= Problem to solve =
Please keep the pictures out and write out exactly the lines from the first in the data below through the one containing "Blusa con playera", both included.

****

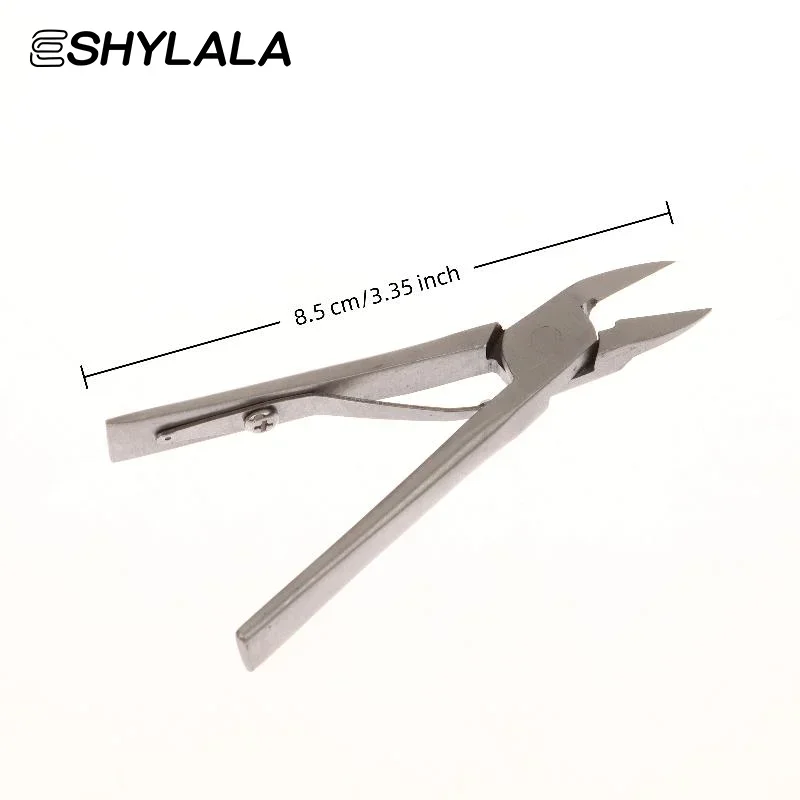 Cortador de unhas profissional grosso com corpo de aço inoxidável para cuidados com as unhas e remoção de unhas encravadas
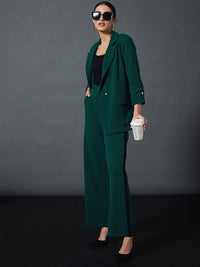 SASSAFRAS worklyf Self Design Notched Lapel Single-Breasted Blazers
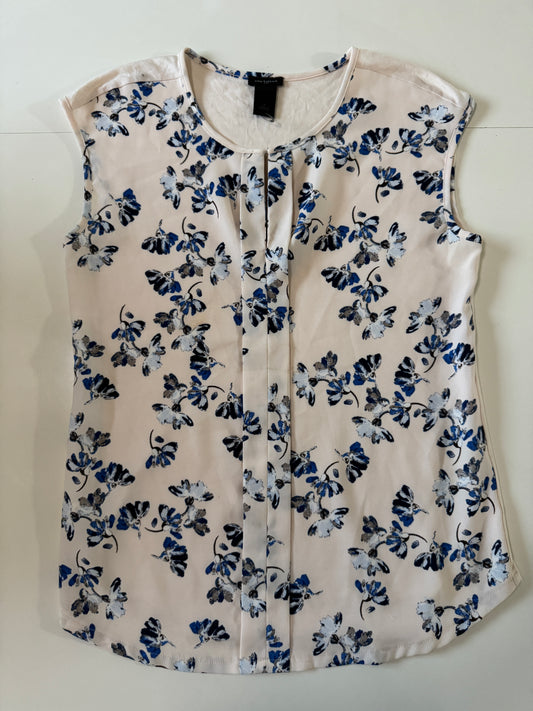 Blusa con playera en espalda. Estampado de flores, Talla M, Mujer, Ann Taylor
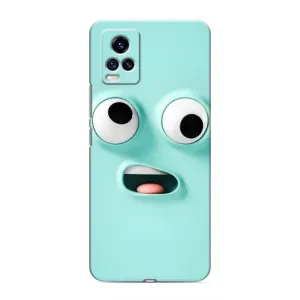 Силиконовые Чехлы (смешные стикеры) для ViVO V20 (Забавное мятное лицо)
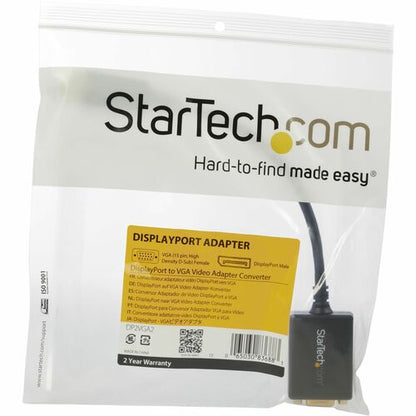StarTech.com DisplayPort to VGA Adapter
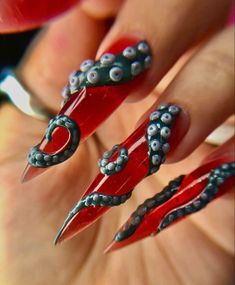 Nail Designs Chic, Punk Nails, Long Nail Designs, Claw Nails, Long Nail, Crazy Nails, Jelly Nails, Nail Art Ideas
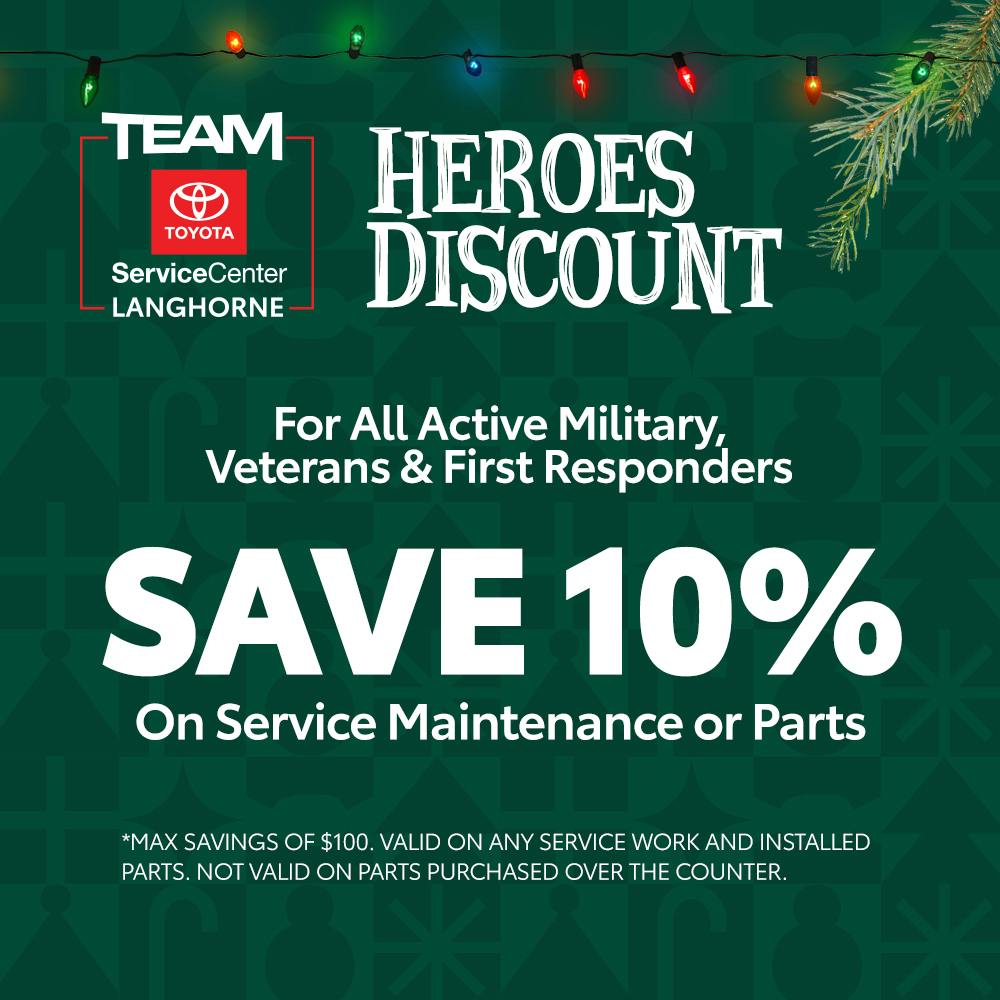 HEROES DISCOUNT | Team Toyota of Langhorne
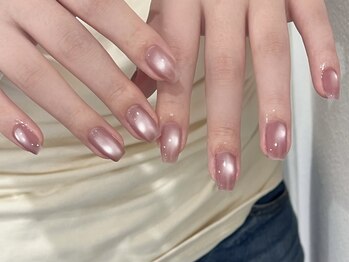 ワンホンマグネットネイル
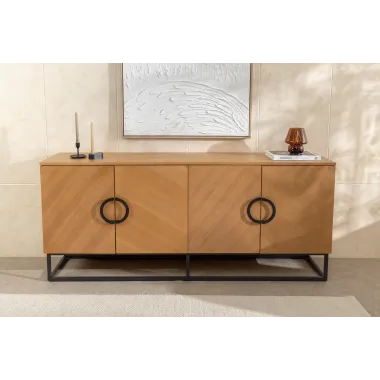 Invicta Komoda GRANDEZZA optyka drewna dębowego 180 x 80 x 40cm / 46698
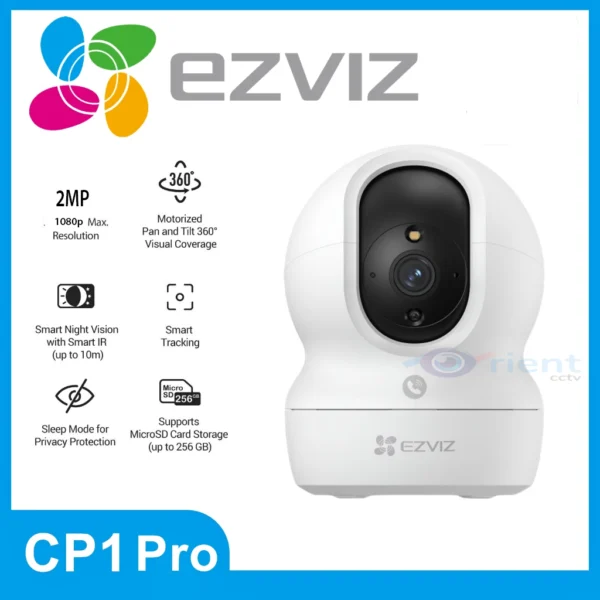 EZVIZ CP1 Pro 1080P Smart Color Night View Indoor Wifi Smart Home Baby Monitor Camera  One-Touch-Calling Human Detection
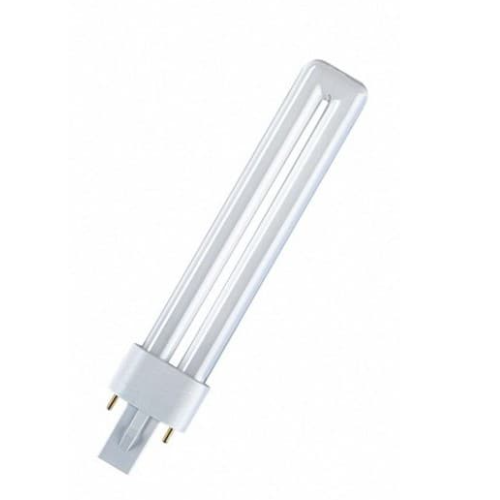 Osram Λάμπα Φθορίου Dulux S G23 9W ΚΟΚΚΙΝΗ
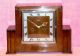Vintage Art Deco Smiths Enfield Wooden Cased Wind Up Chiming Mantle Clock Gwo Art Deco photo 1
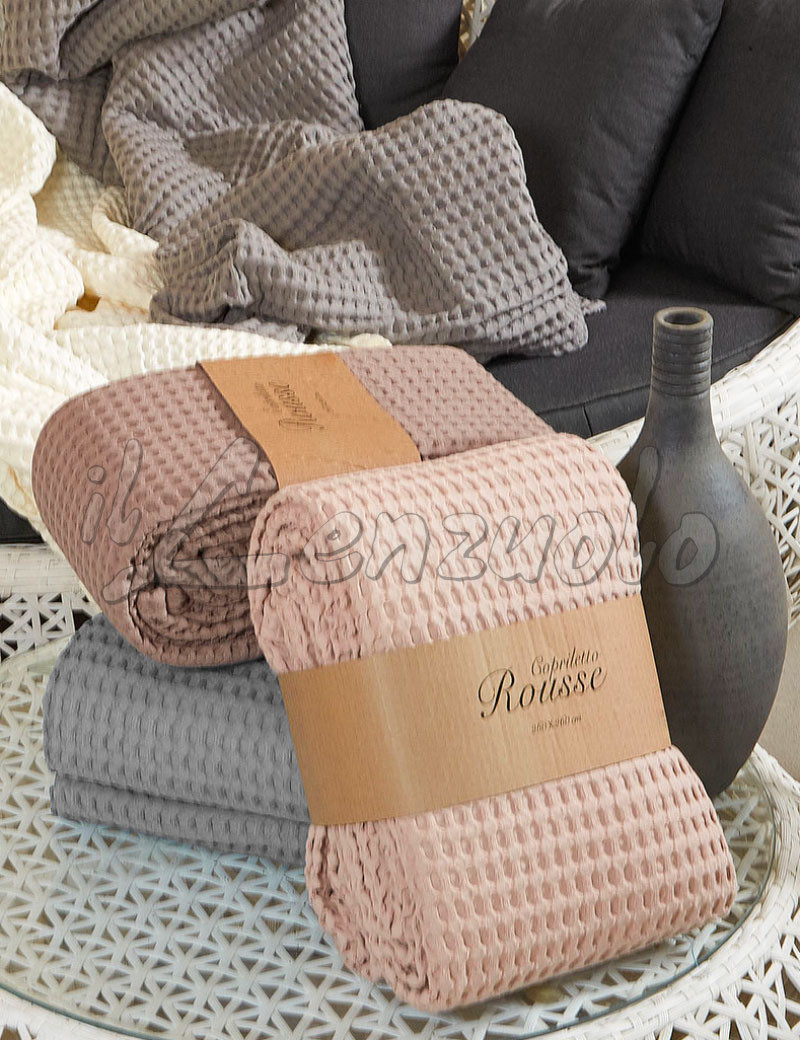 copriletto-matrimoniale-nido-d'ape-rousse-easy-home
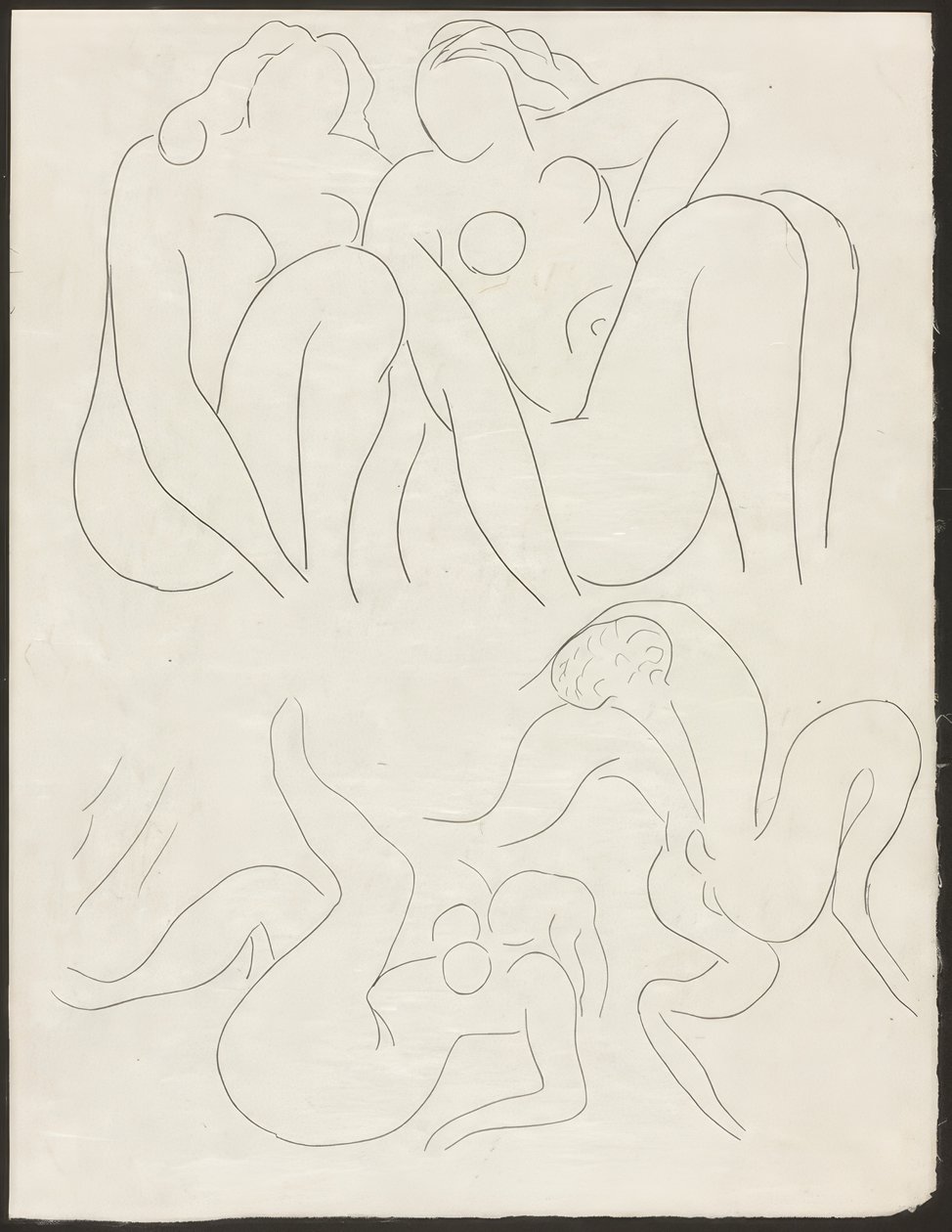 Um Fauno à Tarde, prato quinze de Poesies de Mallarmé de Henri Matisse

****

= Exercise response =
 Cortador de unhas profissional grosso com corpo de aço inoxidável para cuidados com as unhas e remoção de unhas encravadas
 SASSAFRAS worklyf Self Design Notched Lapel Single-Breasted Blazers
 Blusa con playera en espalda. Estampado de flores, Talla M, Mujer, Ann Taylor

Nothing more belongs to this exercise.